__Dataset records__.
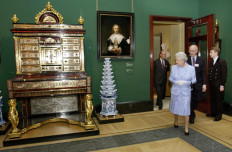 Queen Elizabeth II views a recently restored Rembrandt, 'Agatha Bas', and a Boulle secretaire -cabinet dated around 1700, 21 May 2002, on display in the Queen's Gallery at Buckingham Palace, London.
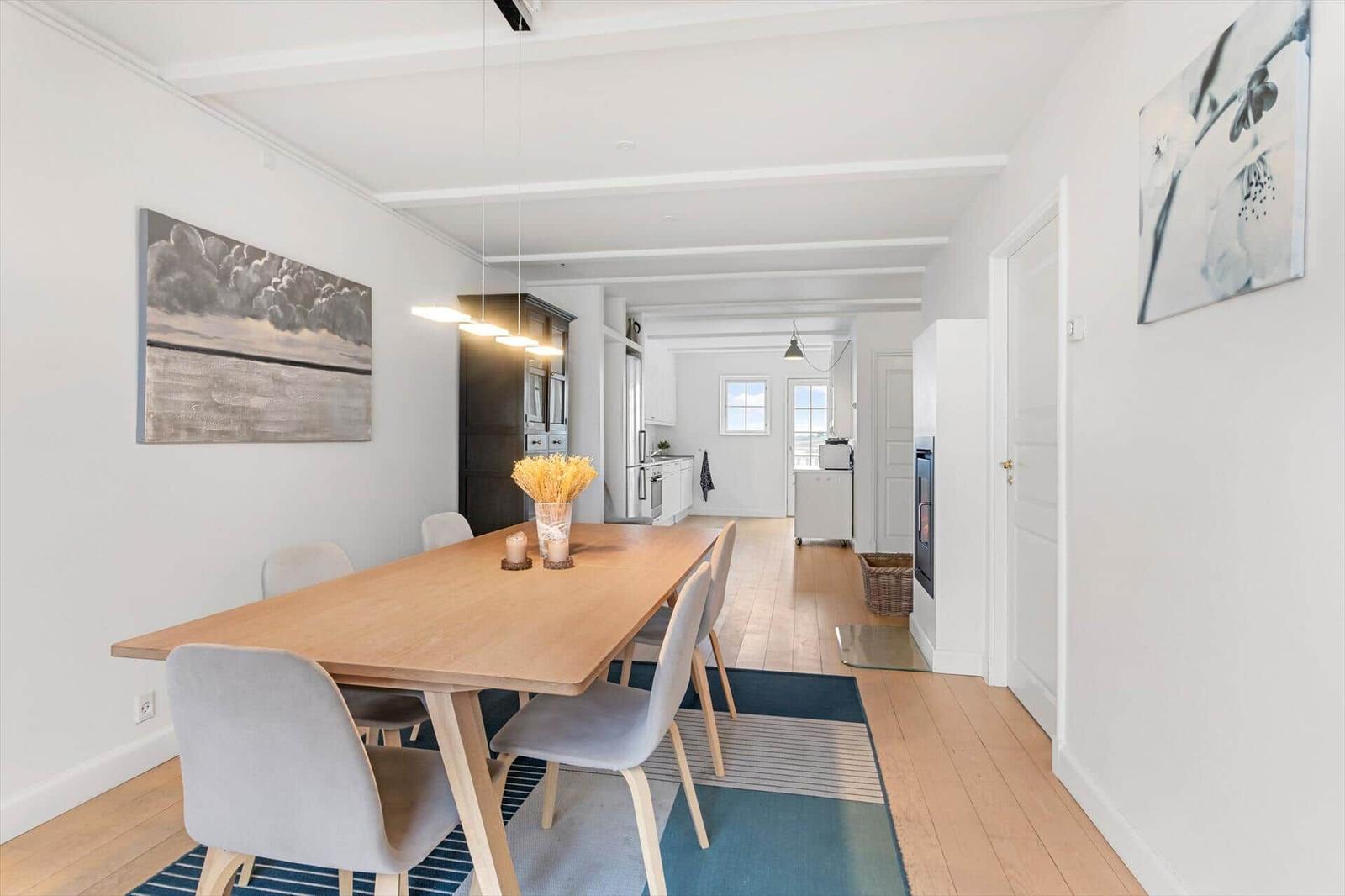 Dining room with wooden table, chairs, and view into the kitchen.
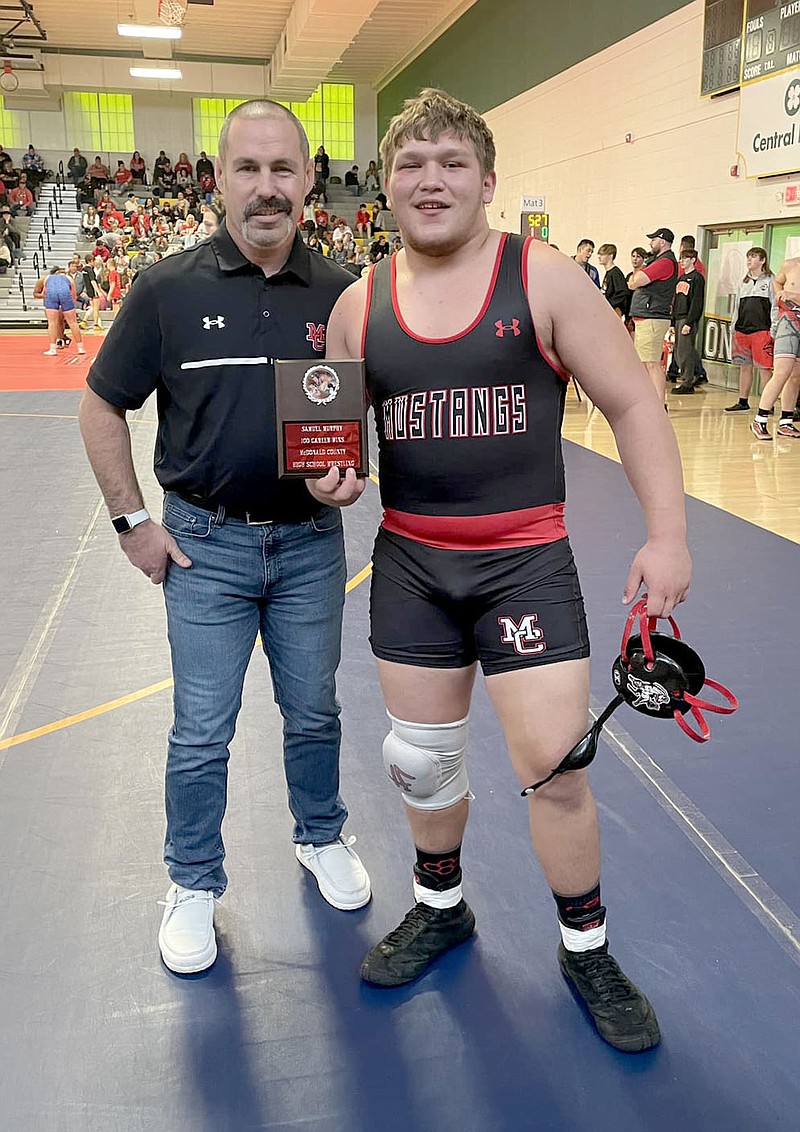 Photo Submitted
McDonald County junior Samuel Murphy, right, is presented with a plaque from MCHS wrestling coach Josh Factor, recognizing career win No. 100 during the Kinloch Classic last weekend in Springfield.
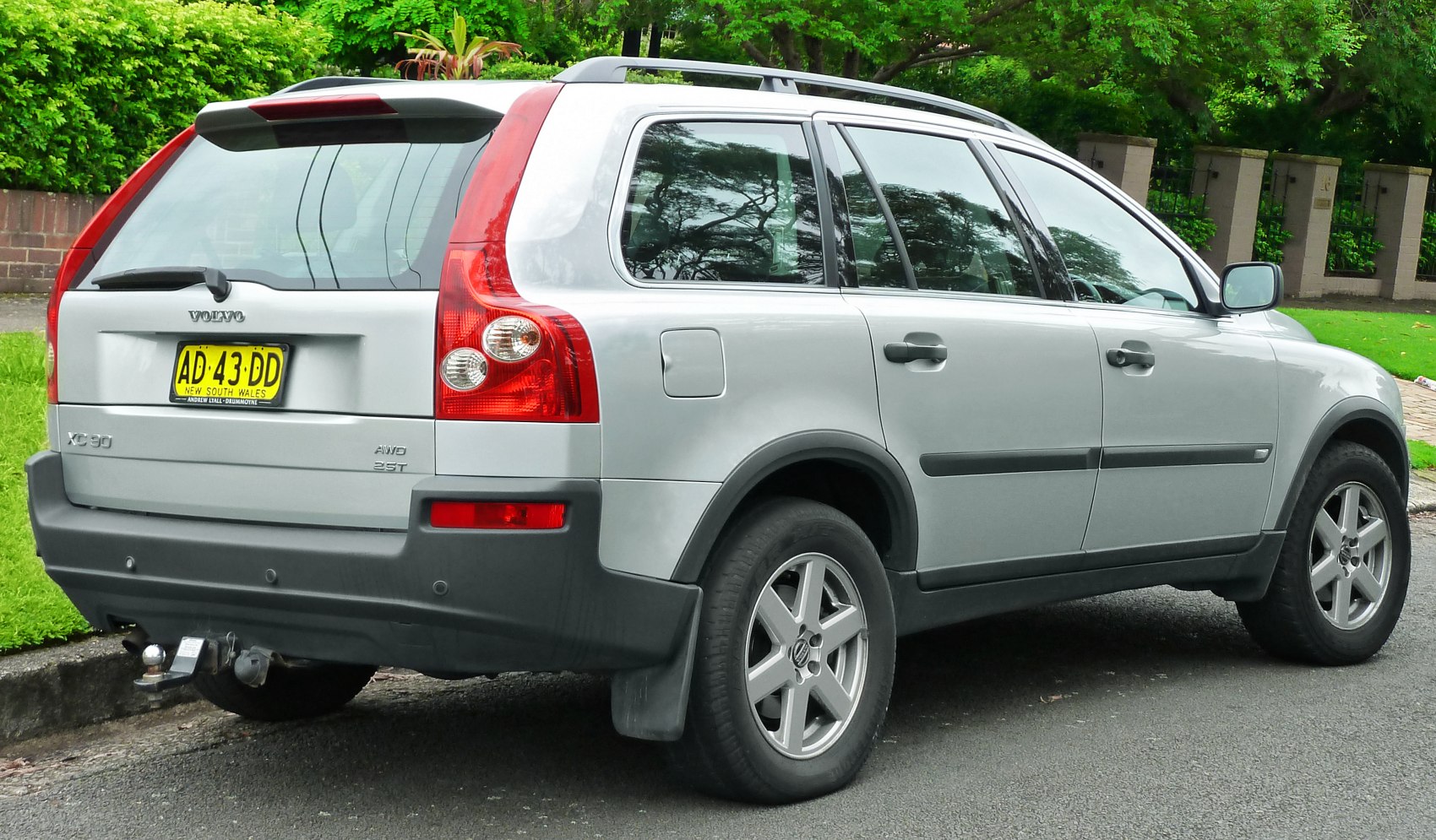 Rear and side view of silver SUV with AWD and 25T badges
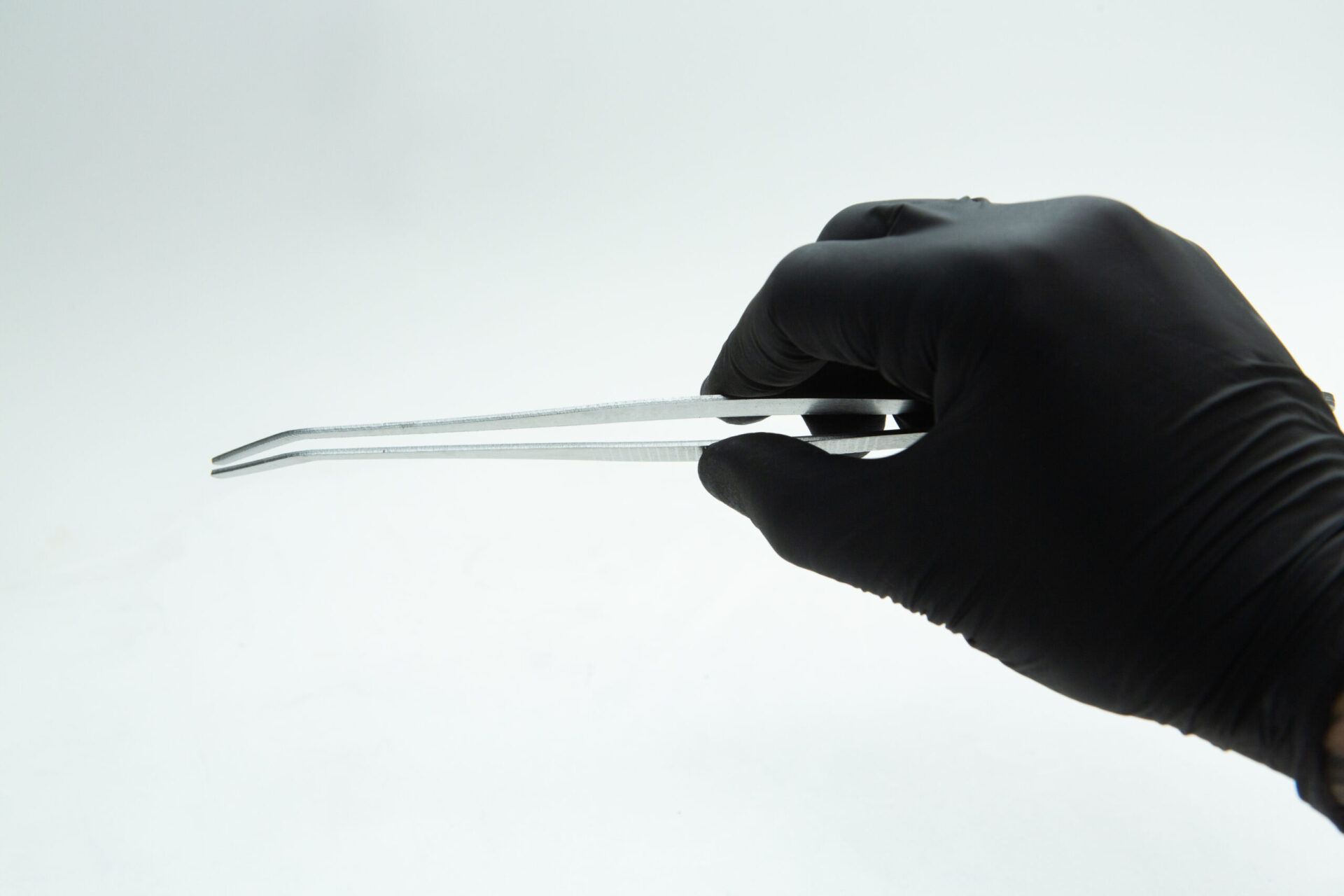 Stainless Steel Plant tissue culture Lab Forceps | Curved & Straight Tips | 25cm 5 A hand wearing a black glove holds a pair of metal forceps with a bent tip against a plain white background.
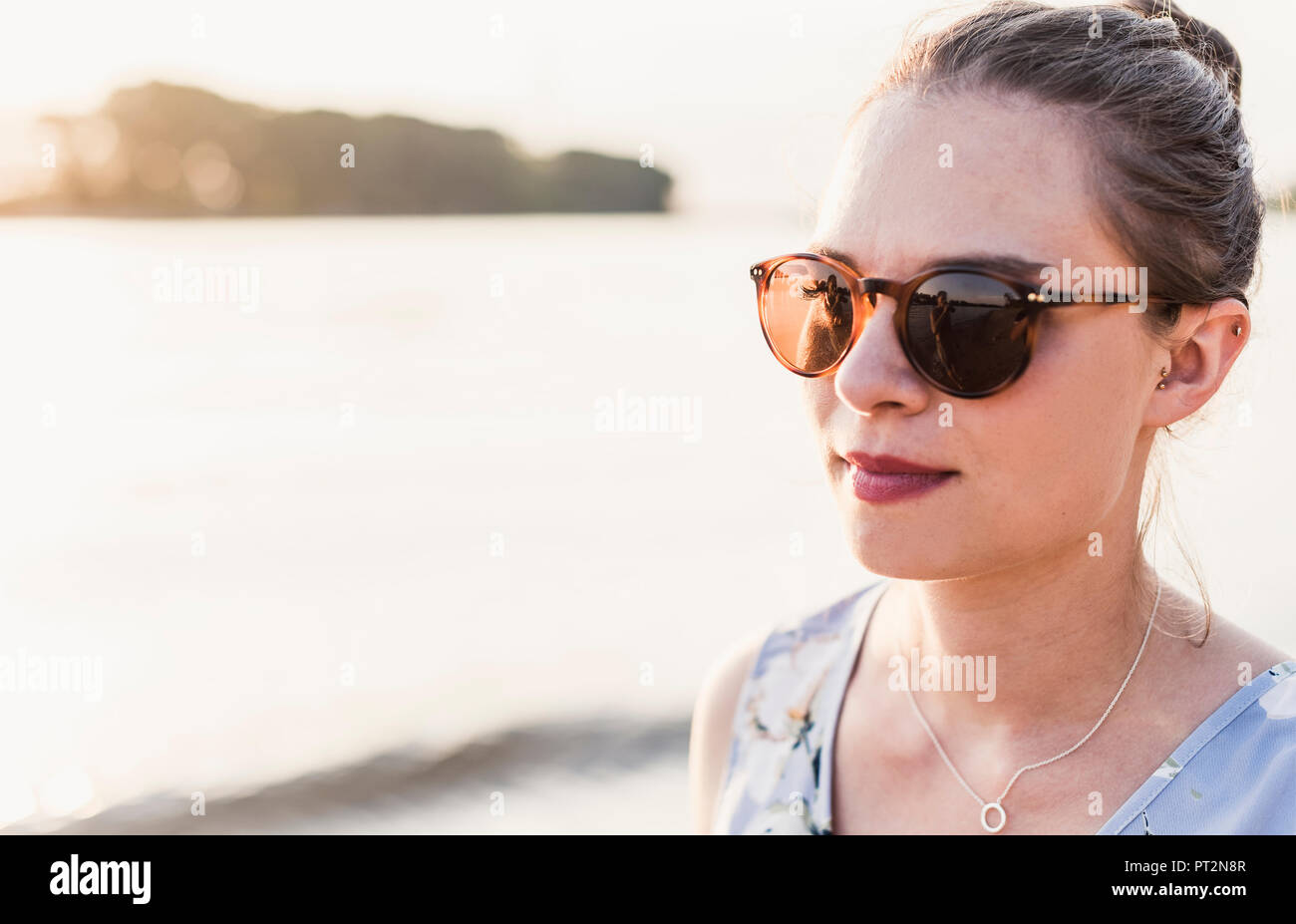 Jeune femme portant des lunettes de soleil à la rivière Banque D'Images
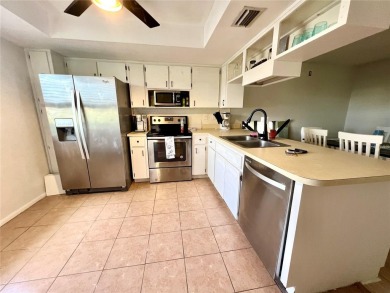 This spacious CORNER Unit located on the 14th Hole of Seven on Seven Springs Golf and Country Club in Florida - for sale on GolfHomes.com, golf home, golf lot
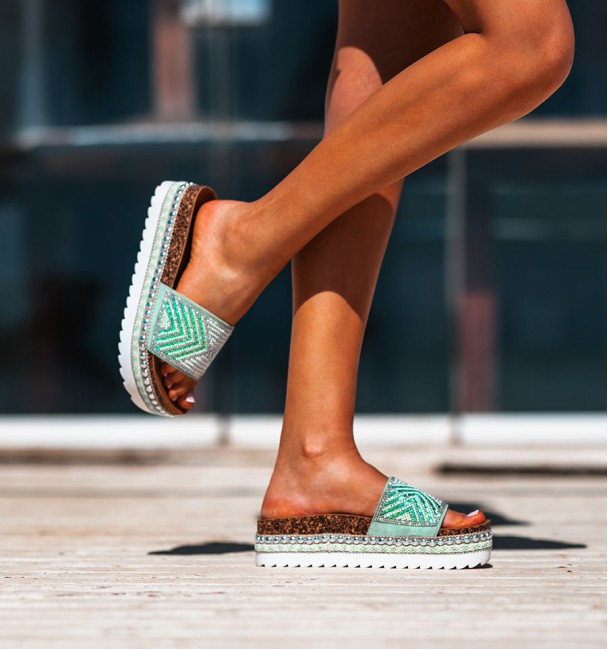 white rubber and cork platform sandals. studs border and beaded vamp in shades of green.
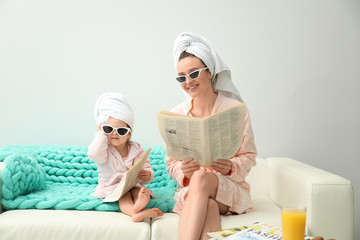Mother and little daughter in bathrobes with newspapers sitting on sofa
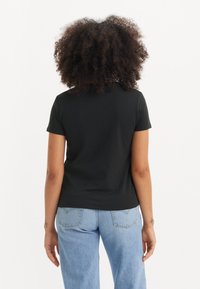 T-shirt noir à manches courtes en coton doux, avec un col rond classique et une coupe décontractée, assorti à un jean en denim bleu clair.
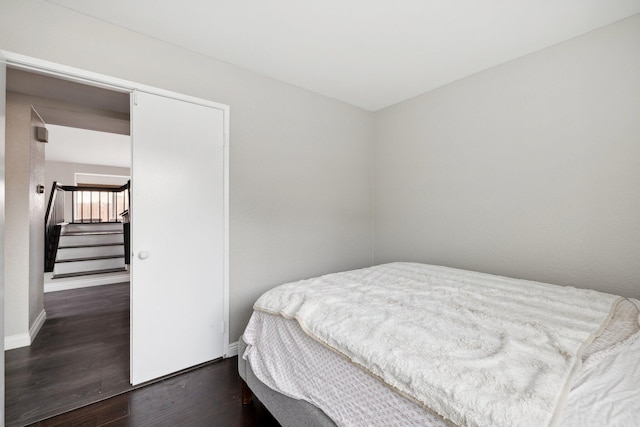 bedroom with dark wood-type flooring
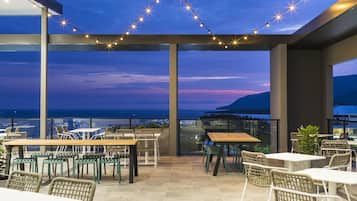An outdoor patio area with tables and chairs, string lights, and a view of the ocean.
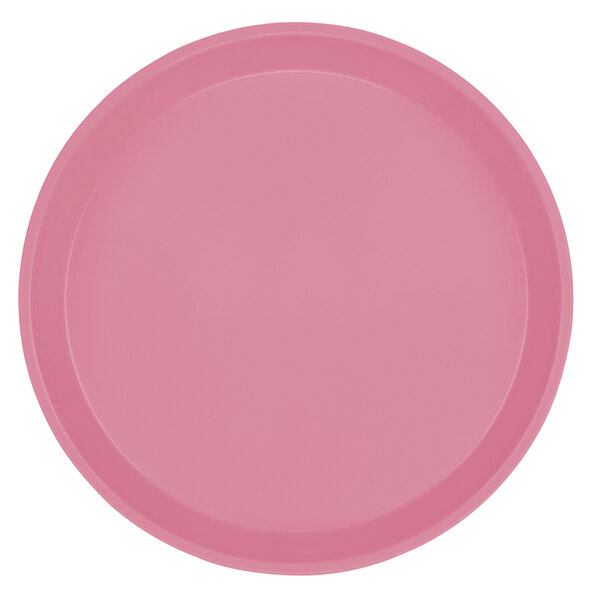 A close-up of a pink Cambro round fiberglass tray with a white background.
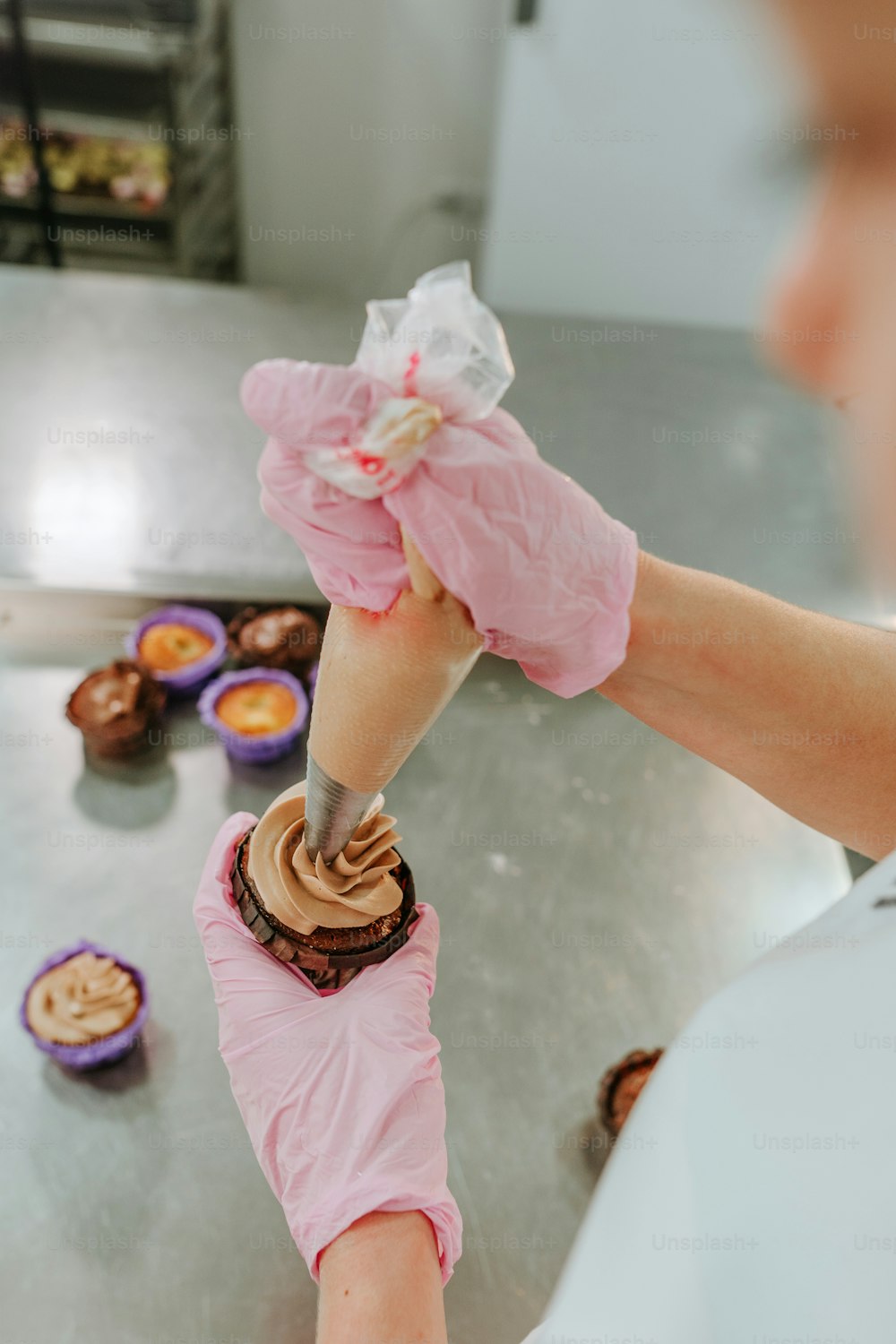 製菓スタジオでクリーム入りのペストリーバッグを使用してカップケーキを作るピンクの手袋をはめた女性菓子の接写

__Work task__. Exclude the images, then output the data above word for word.

__Solution__.
 Queen Elizabeth II views a recently restored Rembrandt, 'Agatha Bas', and a Boulle secretaire -cabinet dated around 1700, 21 May 2002, on display in the Queen's Gallery at Buckingham Palace, London.
 Dining room with wooden table, chairs, and view into the kitchen.
 Photo Submitted
McDonald County junior Samuel Murphy, right, is presented with a plaque from MCHS wrestling coach Josh Factor, recognizing career win No. 100 during the Kinloch Classic last weekend in Springfield.
 Rear and side view of silver SUV with AWD and 25T badges
 Stainless Steel Plant tissue culture Lab Forceps | Curved & Straight Tips | 25cm 5 A hand wearing a black glove holds a pair of metal forceps with a bent tip against a plain white background.
 Jeune femme portant des lunettes de soleil à la rivière Banque D'Images
 This spacious CORNER Unit located on the 14th Hole of Seven on Seven Springs Golf and Country Club in Florida - for sale on GolfHomes.com, golf home, golf lot
 white rubber and cork platform sandals. studs border and beaded vamp in shades of green.
Mother and little daughter in bathrobes with newspapers sitting on sofa
 T-shirt noir à manches courtes en coton doux, avec un col rond classique et une coupe décontractée, assorti à un jean en denim bleu clair.
 bedroom with dark wood-type flooring
An outdoor patio area with tables and chairs, string lights, and a view of the ocean.
 A close-up of a pink Cambro round fiberglass tray with a white background.
 製菓スタジオでクリーム入りのペストリーバッグを使用してカップケーキを作るピンクの手袋をはめた女性菓子の接写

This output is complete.